A. Zamzami : Ma fatwa sur la carotte dérange car elle concerne les femmes

Pour l’imam provocateur, il est plus important d’éviter le péché que de s’offusquer de l’usage d’un légume pour la masturbation qu’il considère comme licite. Il se défend d’avoir fait de la fatwa sur la sexualité sa spécialité et évoque ses 2 000 avis religieux publiés.

A. Zamzami fatwa

Natif de Tanger en 1943, Abdelbari Zamzami Ben Seddik a commencé sa carrière en tant qu’auxiliaire de son père Mohamed Zamzami dans la grande mosquée de Tanger. Il s’installe à Casablanca en 1975 où il prend en charge le prêche du vendredi dans la célèbre mosquée de l’Ancienne médina, «Ould Lhamra». Dans les années 80, Abdelbari Zamzami devient très populaire grâce à ses causeries religieuses où il n’hésite pas à utiliser le langage de la rue pour passer les messages religieux. Durant la même période, il va aussi créer le journal «Al Sunna» qui va cesser de paraître quelques mois après son lancement. En 2001, il est un des principaux fondateurs de l’Association marocaine d’études et de recherches en fikh des nawazils, pour «contrer les associations qui luttent pour la suppression de la chariâ dans les lois du pays». De fait, il a été un des opposants farouches au Plan d’intégration de la femme au développement, de Saïd Saâdi. En 2007, sa popularité dans l’ancienne médina de Casablanca lui permet de gagner un siège au Parlement sous les couleurs du Parti de la renaissance et de la vertu (PRV). Il sera d’ailleurs le seul élu de ce parti islamiste. Auteur de plusieurs publications, dont un livre de quatre tomes sur ses avis religieux, Abdelbari Zamzami a été suspendu de prêche à plusieurs reprises par le ministère des habous. Battu lors des législatives de 2011, il se consacre désormais à ses recherches et à ses fatwas, qui lui valent une présence remarquable dans les médias nationaux. Parmi les plus controversées de ses fatwas celle publiée par l’ensemble de la presse nationale en mai 2011. Ladite fatwa affirme que l’islam autoriserait l’acte sexuel sur un cadavre, à condition que ce cadavre soit celui de l’épouse. Le fqih ajoute qu’il n’y aurait aucun mal ni embarras que le mari fasse l’amour avec le cadavre de sa femme quelques heures après la mort de cette dernière. Il y a près d’un mois, le même fqih a assuré, dans un entretien accordé à un hebdomadaire arabophone que, du point de vue religieux, le recours aux sex-toys est parfaitement légitime. Plus encore, la femme musulmane a le droit d’utiliser  des carottes, des flacons ou autres objets pour assouvir ses envies sexuelles...Le cheikh s’explique.
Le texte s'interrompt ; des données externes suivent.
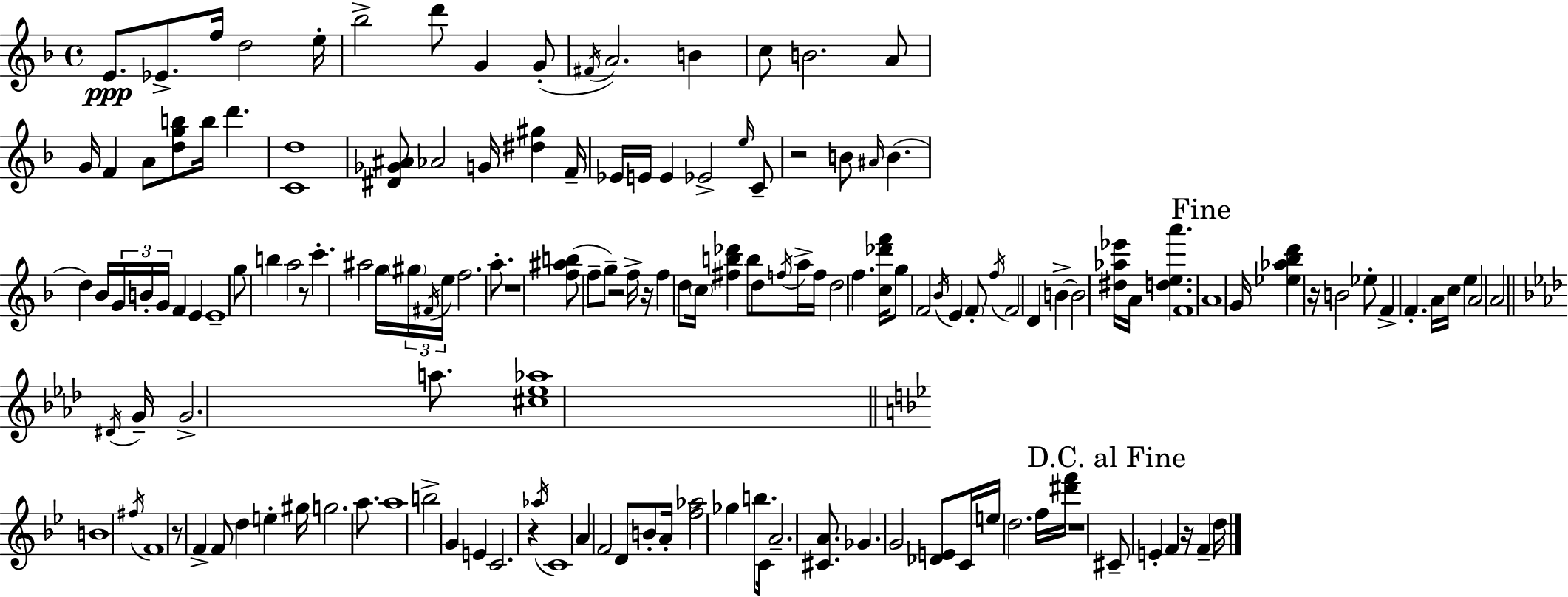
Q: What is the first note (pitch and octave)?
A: E4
Une question d’actualité : que pensez-vous de l’affaire Amina Filali et de ce fameux article 475 du Code pénal qui autorise le mariage d’une femme avec son violeur ?
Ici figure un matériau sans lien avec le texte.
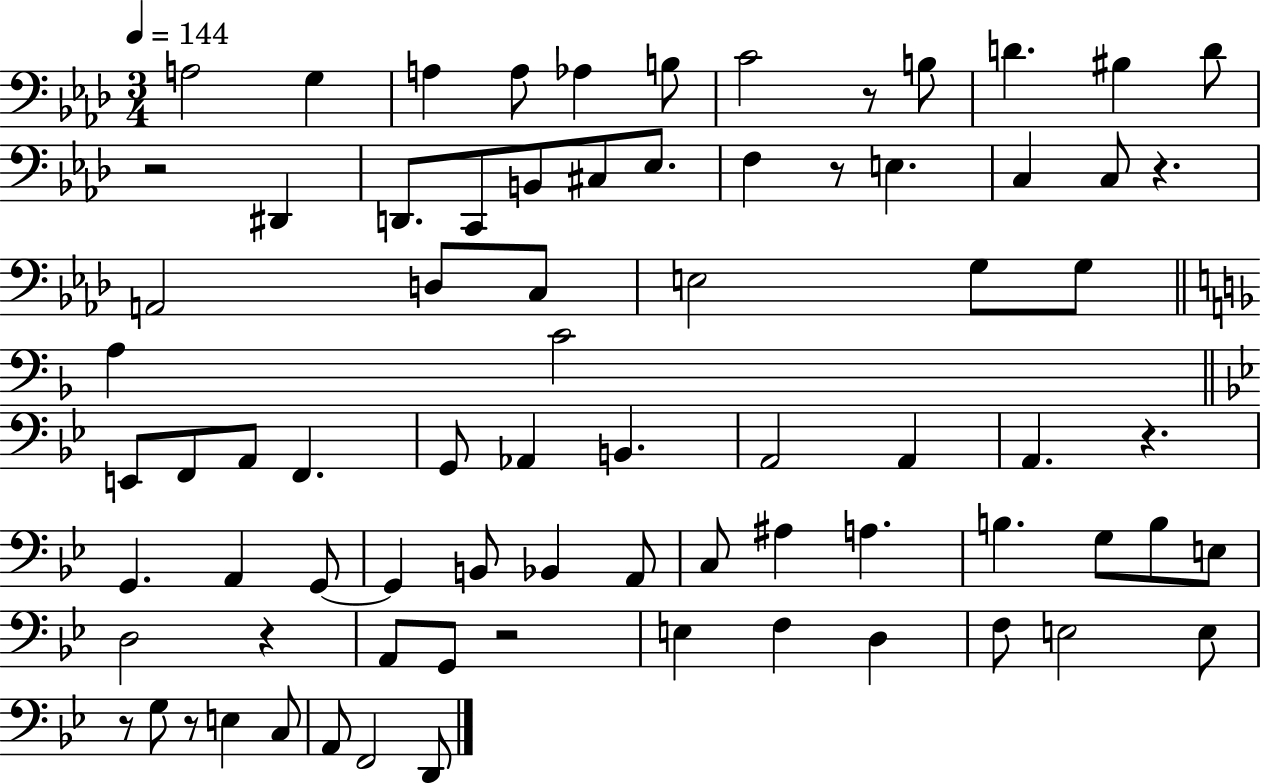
X:1
T:Untitled
M:3/4
L:1/4
K:Ab
A,2 G, A, A,/2 _A, B,/2 C2 z/2 B,/2 D ^B, D/2 z2 ^D,, D,,/2 C,,/2 B,,/2 ^C,/2 _E,/2 F, z/2 E, C, C,/2 z A,,2 D,/2 C,/2 E,2 G,/2 G,/2 A, C2 E,,/2 F,,/2 A,,/2 F,, G,,/2 _A,, B,, A,,2 A,, A,, z G,, A,, G,,/2 G,, B,,/2 _B,, A,,/2 C,/2 ^A, A, B, G,/2 B,/2 E,/2 D,2 z A,,/2 G,,/2 z2 E, F, D, F,/2 E,2 E,/2 z/2 G,/2 z/2 E, C,/2 A,,/2 F,,2 D,,/2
L’article 475 du Code pénal encourage le viol et le crime. Le violeur, sachant qu’il peut ne pas être puni, ne trouve aucun scrupule à commettre son forfait. C’est ainsi que le viol aussi bien que l’atteinte à l’honneur de la jeune fille ne sont pas punis. En plus, la Moudawana, le Code de la famille devenu effectif depuis 2004, interdit le mariage des filles de moins de 18 ans. Amina Filali a été violée avant sa majorité et, dans ce cas, le violeur doit être emprisonné pour ce qu’il a commis. La famille ne devait pas la marier à son bourreau, mais déclarer le viol publiquement afin que la responsabilité de cet acte ne soit pas mise sur le dos de la jeune fille, un musulman étant blâmable pour une déviation s’il l’a volontairement commise. Amina a dû subir le rapport sexuel sous la contrainte. Elle est donc une victime. Aujourd’hui, pour ce type d’affaires, il y a également la chirurgie réparatrice pour la victime violée qui peut se refaire une virginité. Mais, le violeur doit être puni. Par ailleurs, dans l’islam, un mariage ne peut être conclu qu’avec l’accord de la jeune fille et non sous la contrainte des parents ou de l’entourage.

La ministre Bassima Hakkaoui avait déclaré que parfois le mariage de la violée à son violeur ne lui porte pas un réel préjudice...
 

L’exception ne fait pas la règle. Si exceptionnellement un mariage de ce genre réussit, cela ne voudrait pas dire qu’il faut accepter ce genre de pratiques. Ce qui est dangereux dans ces lois, c’est qu’elles ouvrent la porte à une dérive : tout homme qui veut se marier avec une fille dont les parents refusent peut tout simplement la violer et mettre ainsi cette famille devant le fait accompli.

Que répondez-vous à ceux qui disent que ce sont les tenues «provocantes» des jeunes filles qui incitent au viol ?
 

Pour ce qui est du cas d’Amina, elle vivait dans un village. Et dans un village, on ne porte pas d’habits voyants. La photo qui circule sur Internet montre d’ailleurs Amina en hijab. Ce que l’on doit savoir en tout cas, c’est qu’une femme, qu’elle soit voilée ou pas, attire toujours les hommes. C’est une simple question de nature humaine. Même en Arabie Saoudite où les femmes sont entièrement couvertes, elles sont tout de même victimes d’harcèlement et parfois même de viol. L’agression sexuelle ne dépend pas de l’habit de la femme, mais de l’éducation des hommes. D’ailleurs, les femmes ne sont pas des esclaves pour que les hommes puissent les agresser sexuellement, quand ils le souhaitent.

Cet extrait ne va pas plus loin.